MAU Anomaly Detection

Model training

Model training process is a scheduled job which runs on the 1st of every month in GAP (me-push-service repo). It must run at least some time (preferably an hour) before the Anomaly Detection process. It uses BigQuery machine learning to train a model (ARIMA PLUS) on MAU data for the last 2 years. Every month we recreate (rewrite) the the model, we do not keep old models around. This model is then used throughout the month in the Anomaly Detection process. We will have an alert if model training fails. We can reschedule it in GAP (eg. using K9S).

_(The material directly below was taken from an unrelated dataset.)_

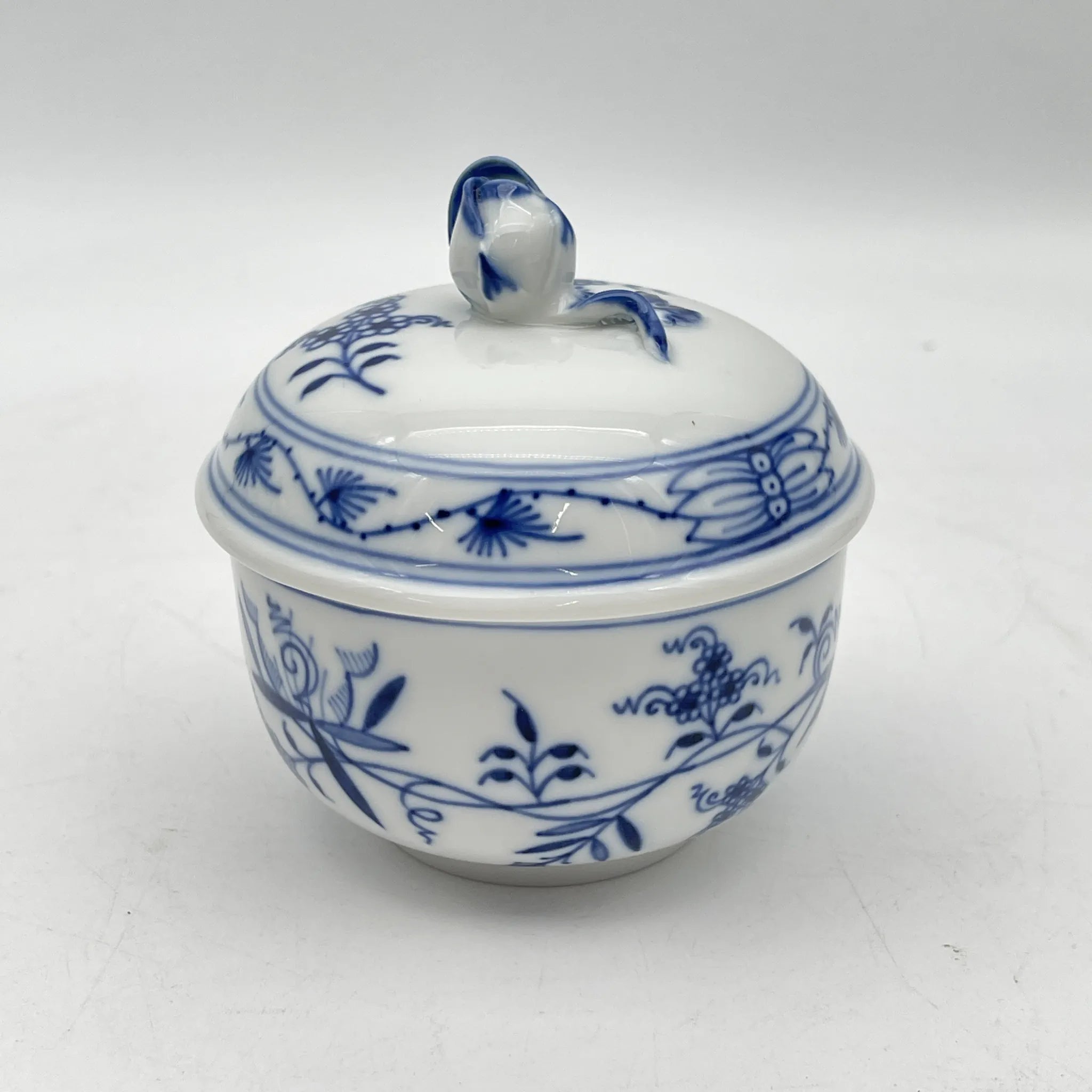 Meissen (マイセン) / ティーセット (ティーポット, クリーマー, シュガーポット) / Blue Onion / 推定20C後期 / 磁器 / ドイツ / [リユース]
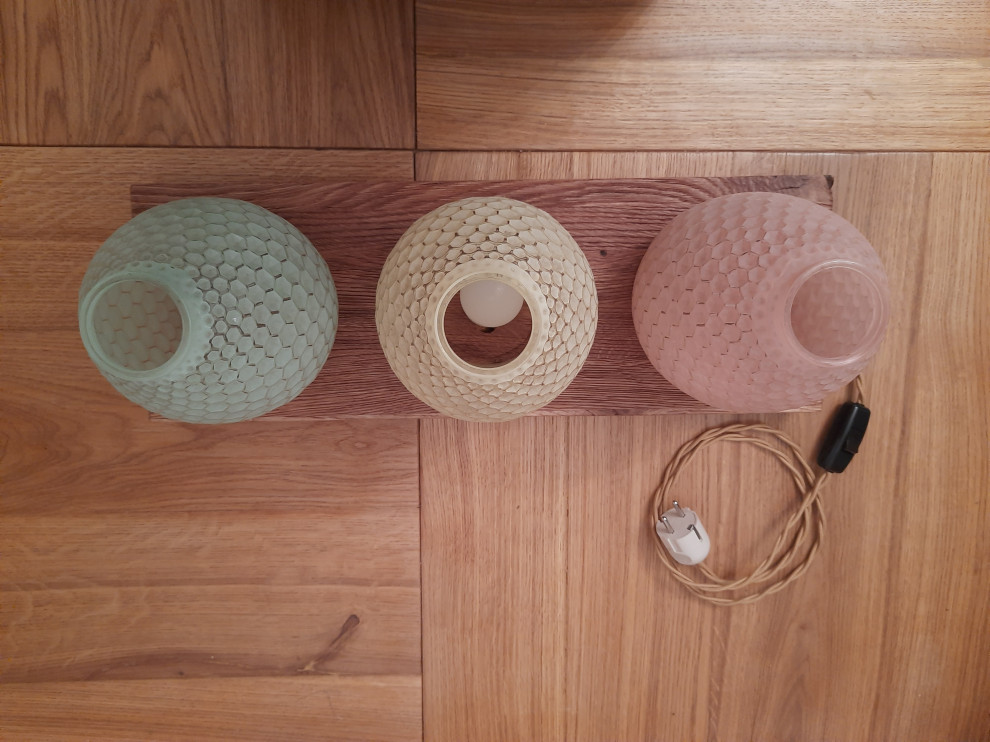 Настольная лампа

-- Last day of the previous month. Format YYYY-MM-DD
DECLARE prev_month_end DEFAULT DATE_SUB(DATE_TRUNC(CURRENT_DATE(), MONTH), INTERVAL 1 DAY);

CREATE OR REPLACE MODEL `ems-mobile-engage.mobile_subscription.mau_prediction_model`
  OPTIONS(
    model_type='ARIMA_PLUS',
    time_series_timestamp_col='day',
    time_series_data_col='mau',
    time_series_id_col='customer_id',
    adjust_step_changes=false,
    clean_spikes_and_dips=false,
    data_frequency='DAILY',
    horizon=100 /* predict 100 days into the future */
  ) AS

SELECT
  DATE(aggregated_at) AS day,
  customer_id,
  SUM(value) AS mau
FROM
  `ems-mobile-engage.mobile_subscription.kpi_summary`
WHERE
  kpi_name = 'monthly_active_users'
  AND DATE(aggregated_at) BETWEEN DATE_SUB(CURRENT_DATE(), INTERVAL 2 YEAR) AND CURRENT_DATE()
  AND customer_id IN (
    /* ignore small customers */
    SELECT
      customer_id
    FROM (
      SELECT
        DATE(aggregated_at) AS day,
        customer_id,
        SUM(value) AS mau
      FROM
        `ems-mobile-engage.mobile_subscription.kpi_summary`
      WHERE
        kpi_name = 'monthly_active_users'
        AND DATE(aggregated_at) = prev_month_end
      GROUP BY
        1, 2
    )
    WHERE mau > 10000 /* can be changed in env var */
  )
GROUP BY
  1, 2

Anomaly Detection

Anomaly detection process is a scheduled job which runs weekly (on Tuesdays) in GAP. It uses Machine Learning model to detect anomalies in MAU data in BigQuery on the day of execution. It triggers a PagerDuty alert if any of the following are true: * Percentage of customers whose MAU value is too low is greater than 30% (Default; Can be changed in env var). * Percentage of customers whose MAU value is too high is greater than 50% (Default; Can be changed in env var). Here we only check customers whose MAU value on the day when the model was trained was greater than 10000 (Default; Can be changed in env var).

WITH
customers_in_model AS (
  SELECT
    DISTINCT customer_id
  FROM
    ML.EVALUATE(
      MODEL `ems-mobile-engage.mobile_subscription.mau_prediction_model`
    )
),
current_maus AS (
  SELECT
    DATE(aggregated_at) AS day,
    customer_id,
    SUM(value) AS mau
  FROM
    `ems-mobile-engage.mobile_subscription.kpi_summary`
  WHERE
    kpi_name = 'monthly_active_users'
    AND DATE(aggregated_at) = DATE_SUB(CURRENT_DATE(), INTERVAL 1 DAY)
  GROUP BY
    1, 2
),
anomalies AS (
  SELECT
    *
  FROM
    ML.DETECT_ANOMALIES(
      MODEL `ems-mobile-engage.mobile_subscription.mau_prediction_model`,
      STRUCT(0.99 AS anomaly_prob_threshold),
      (SELECT * FROM current_maus)
    )
),
stats AS (
  SELECT
    COUNTIF(mau < lower_bound) AS mau_low,
    COUNTIF(mau > higher_bound) AS mau_high,
    COUNT(1) AS total
  FROM
    anomalies
)
SELECT
  *,
  (mau_low / total * 100) AS perc_mau_low,
  (mau_high / total * 100) AS perc_mau_high
FROM
  stats

Alert Handling

TODO: Have a meeting with team leads to discuss what to do when on-call person gets this alert.